State General Treasurer Seth Magaziner, wary of possible cost overruns, has suggested the state could trim borrowing costs by issuing bonds through Rhode Island Commerce Corp. or the Rhode Island Infrastructure Bank.
For all the number-crunching, the one number hanging over Rhode Island is 38 -- as in 38 Studios. Rhode Island issued a $75 million loan in 2010 to lure former baseball pitcher Curt Schilling's company to Providence from Maynard, Mass. Schilling, who helped the Boston Red Sox win their first two World Series championships since 1918, was a video-game enthusiast who had hoped to cash in on his celebrity, only to see the business fail.
Both sides have played the 38 Studios card. Supporters say the deal is much different this time while opponents call it a fiasco revisited.
"This city needs this project," said Grebien. "It is a gateway to Rhode Island and a gateway to revitalizing our downtown and our waterfront."
PawSox chairman and former Boston Red Sox chairman Larry Lucchino cited regional appeal.
"Half of our fans bring their dollars from other states," he said. Pawtucket sits near the Massachusetts border.
Speaking at Tolman High, Pawtucket Mayor Don Grebien and city director of administration Tony Pires touted the city’s recovery over seven years. During fiscal 2011, when Grebien took office, the city’s bonds were junk, its rainy day fund was bone dry and its neighbor to the north, Central Falls, was about to file bankruptcy.
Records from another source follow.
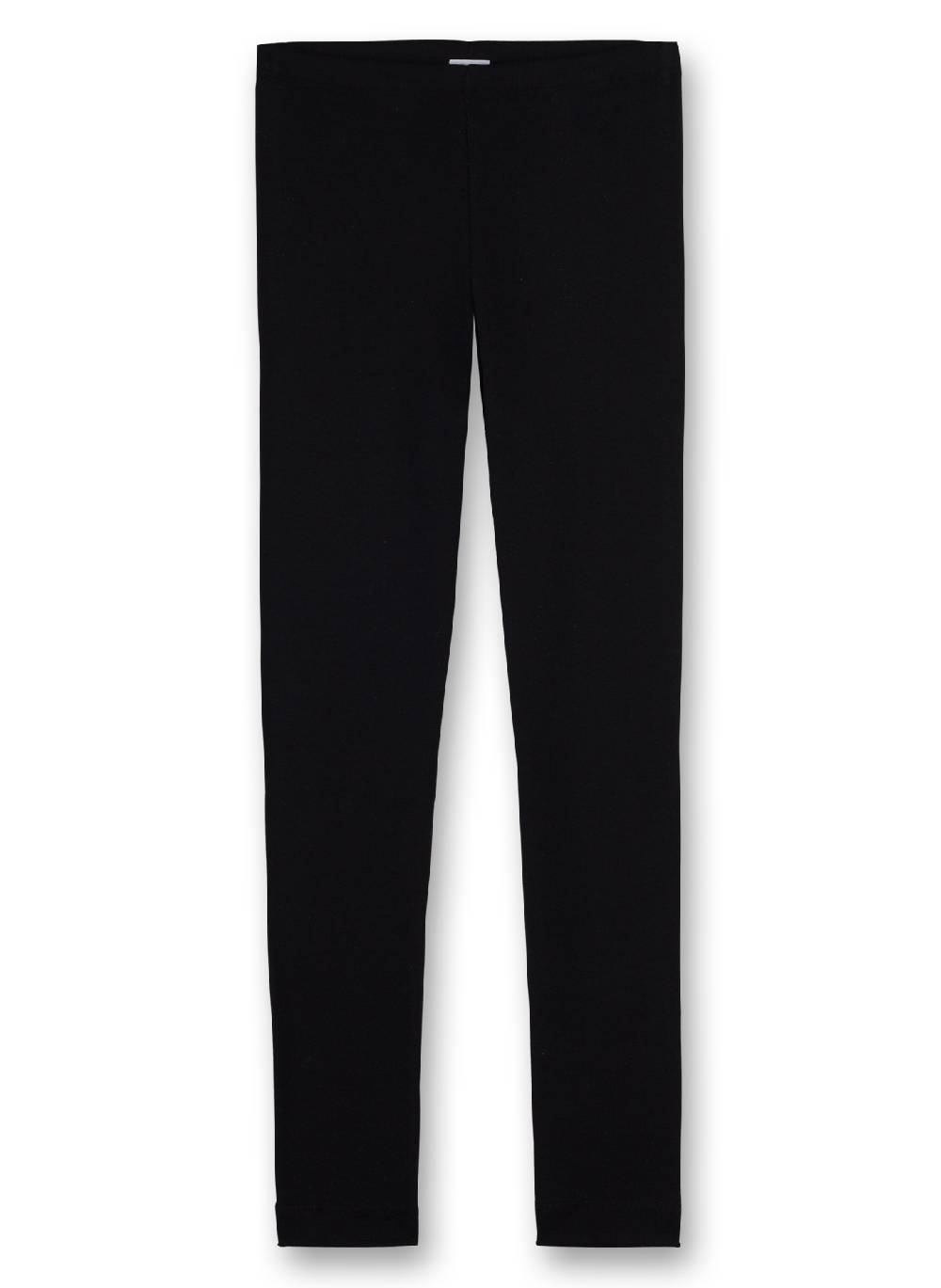 Sanetta Jungen-Unterhose lang schwarz Fabrikverkauf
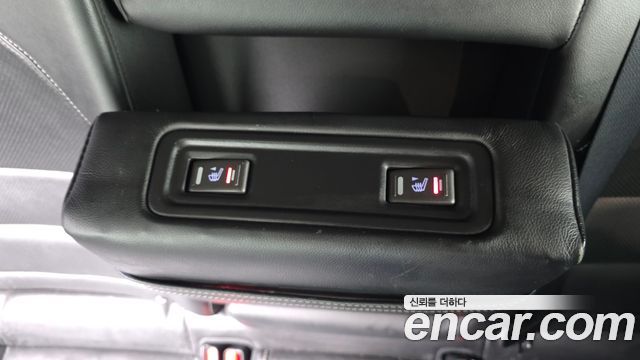 Renault Korea QM6 Diesel 4WD RE Signature 2017 — фото 22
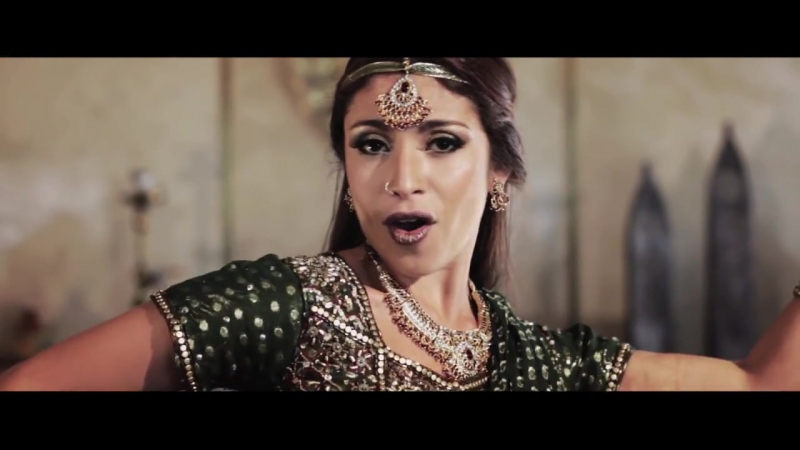 Pili Rubí Bollywood en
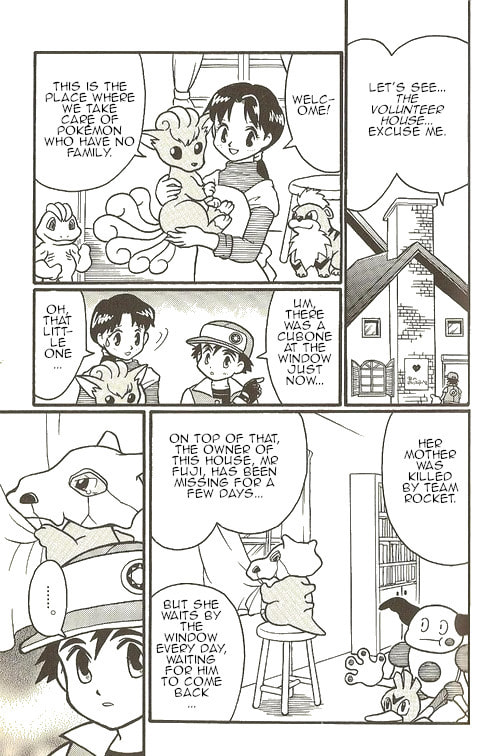 Read Pokémon - The Complete Story chapter 4 image 5 on Lezhin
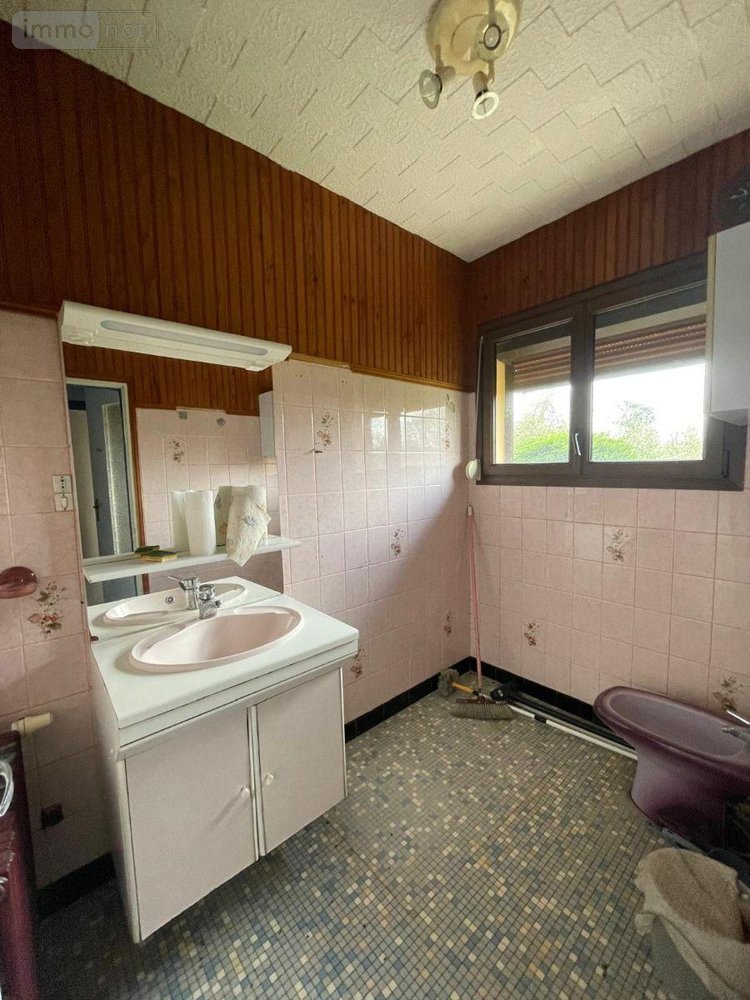 Maison a vendre Le Mesnil-Réaume 76260 Seine-Maritime 92 m2 5 pièces 211000 euros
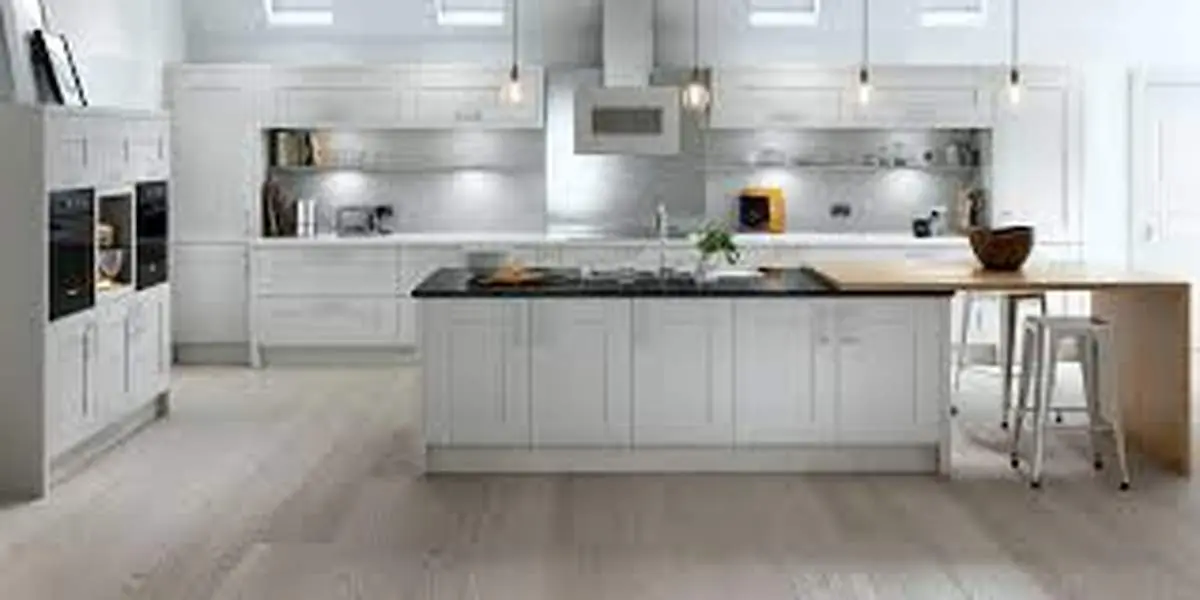 انواع رنگ روغنی مناسب برای آشپزخانه
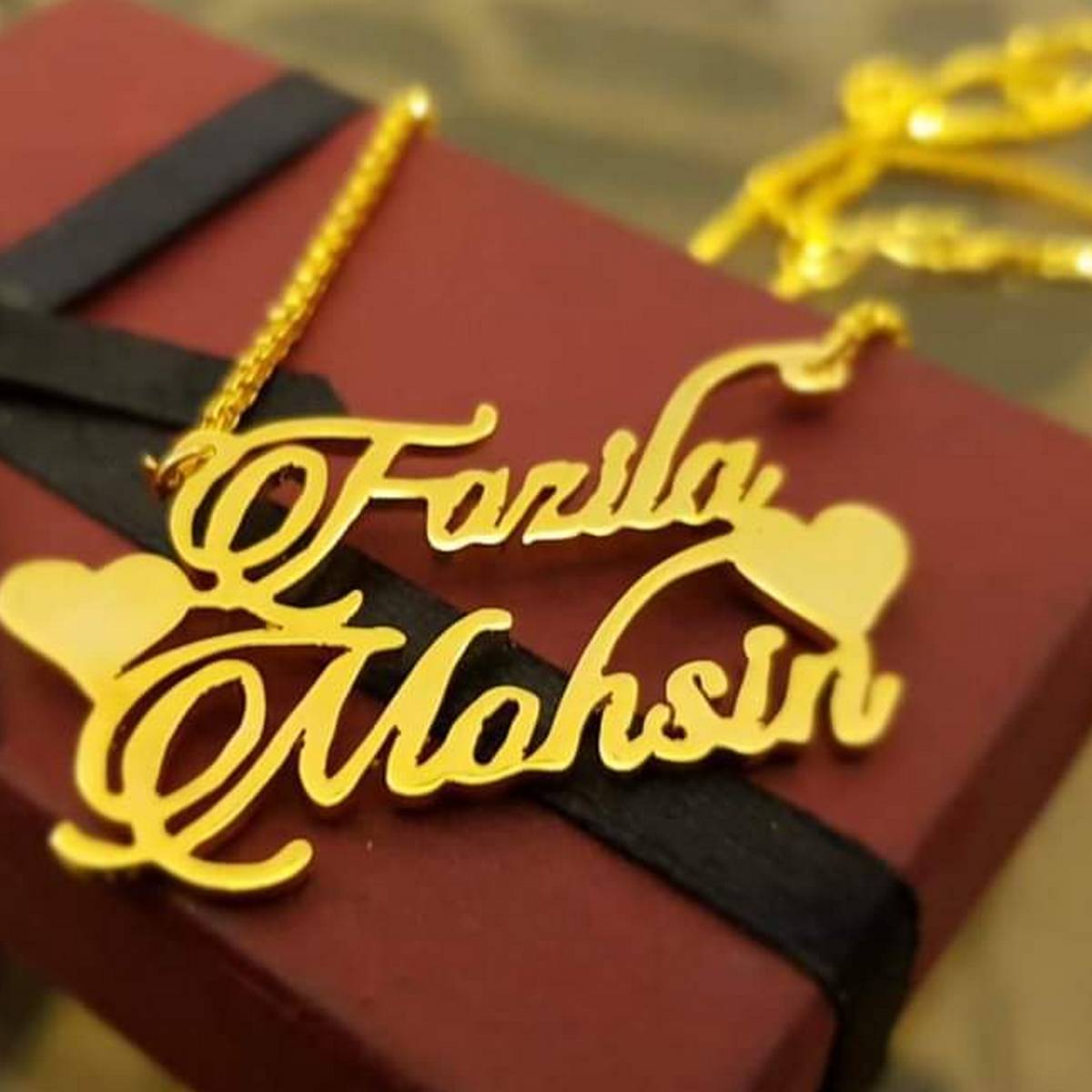 Name Locket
Today, an arts district springs up at the site of old mills. The city has a $12 million rainy-day surplus, its bond rating is up to A, pensions are fully funded and a Massachusetts Bay Transportation Authority commuter rail stop is earmarked for Pawtucket-Central Falls by around 2020.
“Where there is an economic development project built around sports, all sorts of other businesses come into play,” said Igel.
The deal, according to Grebien, protects the state and city from financial risk.
"That needs to be out there and people need to understand that," he said. The $45 million from the ballclub, said Grebien, would mark the largest private investment in city history.
Not so fast, said Frias.
“This project is comparable to 38 Studios. It's more of a moral obligation than a revenue bond,” he said in an interview.
“They are asking taxpayers to pay for bonds to benefit a private company without taxpayer approval. One thing we should have learned from 38 Studios is that taxpayers should have some say when borrowing is issued in the name of economic development.”
A referendum is still not out of the question. Team owners, meanwhile, have threatened to move out of state.
City officials in Worcester, Mass., 38 miles northwest, have been eyeballing a parcel near the city’s Canal District south of downtown for a minor-league park, though their public profile regarding the field has been much more low-key.
Worcester has been marketing itself aggressively after years of promotional dormancy. On Tuesday, city officials there released an offer to land Amazon's second world headquarters, which includes up to $500 million in tax breaks.
Montreal has also appeared on the PawSox relocation radar, though probably as a leverage play. The French-Canadian city, which lost Major League Baseball’s Expos in 2005 when they became the Washington Nationals, is looking for a big-league club if it can land a stadium.
PawSox officials in 2015 proposed an $85 million, privately owned stadium on the Providence land vacated by the relocation of Interstate 195, but pulled the plan after state officials objected to picking up an estimated 80% of the tab. Rhode Island, meanwhile, is building up a technology presence on those parcels.
“How they have handled this is a profile in how not to do PR,” Frias said of the ownership team. “The PawSox are not in a good bargaining position. If Massachusetts is not interested, they would stay in Rhode Island or go to Montreal, and I don’t think they want to go to Montreal. I don’t think there’s anywhere to go that’s viable for them.
“You have to question whether bond buyers will buy these bonds at 5% after the experience Rhode Island had with 38 Studios. There's also a fear of inside politics."